> Material for this exercise:

______________________________

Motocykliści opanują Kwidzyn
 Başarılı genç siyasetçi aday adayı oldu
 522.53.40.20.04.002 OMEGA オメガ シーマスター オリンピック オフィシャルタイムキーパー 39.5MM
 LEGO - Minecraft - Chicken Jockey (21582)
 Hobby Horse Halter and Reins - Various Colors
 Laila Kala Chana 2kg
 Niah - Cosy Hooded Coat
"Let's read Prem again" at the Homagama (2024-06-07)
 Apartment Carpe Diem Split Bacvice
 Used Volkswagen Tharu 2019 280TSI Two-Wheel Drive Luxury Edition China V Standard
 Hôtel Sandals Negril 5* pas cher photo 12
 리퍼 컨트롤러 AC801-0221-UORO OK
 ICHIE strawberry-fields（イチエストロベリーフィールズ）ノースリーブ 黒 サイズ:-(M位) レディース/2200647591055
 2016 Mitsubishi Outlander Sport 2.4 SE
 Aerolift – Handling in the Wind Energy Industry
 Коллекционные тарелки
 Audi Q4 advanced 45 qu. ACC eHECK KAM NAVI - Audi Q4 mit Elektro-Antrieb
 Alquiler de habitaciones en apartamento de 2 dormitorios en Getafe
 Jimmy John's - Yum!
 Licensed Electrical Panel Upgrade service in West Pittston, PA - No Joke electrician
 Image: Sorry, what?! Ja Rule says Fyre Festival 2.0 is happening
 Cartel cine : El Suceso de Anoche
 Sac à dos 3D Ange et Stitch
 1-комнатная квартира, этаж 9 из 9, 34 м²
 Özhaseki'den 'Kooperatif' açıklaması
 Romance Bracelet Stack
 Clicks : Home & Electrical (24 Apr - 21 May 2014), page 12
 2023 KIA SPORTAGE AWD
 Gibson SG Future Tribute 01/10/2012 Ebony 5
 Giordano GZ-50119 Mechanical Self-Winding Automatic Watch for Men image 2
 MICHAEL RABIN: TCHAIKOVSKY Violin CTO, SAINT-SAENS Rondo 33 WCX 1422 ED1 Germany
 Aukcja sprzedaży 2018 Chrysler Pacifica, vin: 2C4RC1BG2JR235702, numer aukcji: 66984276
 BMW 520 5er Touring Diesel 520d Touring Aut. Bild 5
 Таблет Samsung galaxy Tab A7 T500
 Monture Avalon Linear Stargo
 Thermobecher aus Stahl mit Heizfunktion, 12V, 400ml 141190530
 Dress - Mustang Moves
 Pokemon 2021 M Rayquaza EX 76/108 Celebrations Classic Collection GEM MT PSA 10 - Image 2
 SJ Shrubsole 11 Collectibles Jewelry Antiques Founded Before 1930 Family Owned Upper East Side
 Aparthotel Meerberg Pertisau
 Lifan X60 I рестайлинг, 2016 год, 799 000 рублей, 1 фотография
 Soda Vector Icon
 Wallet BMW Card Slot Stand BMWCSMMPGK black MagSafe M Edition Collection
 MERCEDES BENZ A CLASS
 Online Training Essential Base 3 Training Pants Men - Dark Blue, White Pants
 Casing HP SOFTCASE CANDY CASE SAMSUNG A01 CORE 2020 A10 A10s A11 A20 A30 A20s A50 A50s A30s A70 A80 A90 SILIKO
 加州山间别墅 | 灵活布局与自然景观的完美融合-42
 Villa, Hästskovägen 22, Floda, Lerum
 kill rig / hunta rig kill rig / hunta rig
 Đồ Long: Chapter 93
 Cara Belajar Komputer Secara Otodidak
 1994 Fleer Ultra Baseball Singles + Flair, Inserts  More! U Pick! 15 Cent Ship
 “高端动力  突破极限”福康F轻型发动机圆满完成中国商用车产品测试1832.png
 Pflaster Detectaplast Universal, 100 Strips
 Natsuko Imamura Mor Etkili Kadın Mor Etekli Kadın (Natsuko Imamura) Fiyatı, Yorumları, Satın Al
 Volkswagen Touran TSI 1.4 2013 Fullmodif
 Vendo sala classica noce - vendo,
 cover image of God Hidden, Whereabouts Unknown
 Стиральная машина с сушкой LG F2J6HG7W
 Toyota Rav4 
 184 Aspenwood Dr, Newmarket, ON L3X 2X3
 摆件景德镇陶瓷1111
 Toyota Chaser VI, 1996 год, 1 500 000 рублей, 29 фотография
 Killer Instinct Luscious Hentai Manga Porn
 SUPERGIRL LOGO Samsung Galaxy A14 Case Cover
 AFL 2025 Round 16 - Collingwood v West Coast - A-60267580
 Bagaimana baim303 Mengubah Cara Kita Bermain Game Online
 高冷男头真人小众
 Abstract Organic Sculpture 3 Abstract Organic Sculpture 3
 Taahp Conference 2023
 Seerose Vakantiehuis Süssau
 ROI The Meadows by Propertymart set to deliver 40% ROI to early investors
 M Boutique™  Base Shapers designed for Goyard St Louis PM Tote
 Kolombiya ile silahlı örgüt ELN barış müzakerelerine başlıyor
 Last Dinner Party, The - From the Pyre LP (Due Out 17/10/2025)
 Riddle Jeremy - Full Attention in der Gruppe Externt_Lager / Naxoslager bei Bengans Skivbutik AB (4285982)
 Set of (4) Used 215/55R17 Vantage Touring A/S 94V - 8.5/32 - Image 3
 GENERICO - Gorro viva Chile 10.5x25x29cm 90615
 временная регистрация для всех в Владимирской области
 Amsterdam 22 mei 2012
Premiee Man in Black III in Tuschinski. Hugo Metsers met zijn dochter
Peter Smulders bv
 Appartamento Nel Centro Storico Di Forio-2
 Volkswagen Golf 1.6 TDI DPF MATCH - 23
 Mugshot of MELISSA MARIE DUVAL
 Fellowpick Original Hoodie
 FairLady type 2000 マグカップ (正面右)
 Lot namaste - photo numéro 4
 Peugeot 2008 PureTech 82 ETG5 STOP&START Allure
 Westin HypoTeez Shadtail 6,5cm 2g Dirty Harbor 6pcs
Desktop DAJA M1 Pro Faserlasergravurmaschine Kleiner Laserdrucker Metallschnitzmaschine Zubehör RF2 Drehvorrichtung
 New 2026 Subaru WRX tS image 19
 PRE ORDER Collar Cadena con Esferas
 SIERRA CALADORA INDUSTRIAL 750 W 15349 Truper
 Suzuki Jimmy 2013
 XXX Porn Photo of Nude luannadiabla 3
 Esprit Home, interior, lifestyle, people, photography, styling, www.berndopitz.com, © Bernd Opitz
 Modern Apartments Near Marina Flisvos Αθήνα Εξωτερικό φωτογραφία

______________________________

> Task to complete: Output only the lines from the one that contains "Desktop DAJA M1" through the final line of the records, exactly as given.

> Written reply:
Desktop DAJA M1 Pro Faserlasergravurmaschine Kleiner Laserdrucker Metallschnitzmaschine Zubehör RF2 Drehvorrichtung
 New 2026 Subaru WRX tS image 19
 PRE ORDER Collar Cadena con Esferas
 SIERRA CALADORA INDUSTRIAL 750 W 15349 Truper
 Suzuki Jimmy 2013
 XXX Porn Photo of Nude luannadiabla 3
 Esprit Home, interior, lifestyle, people, photography, styling, www.berndopitz.com, © Bernd Opitz
 Modern Apartments Near Marina Flisvos Αθήνα Εξωτερικό φωτογραφία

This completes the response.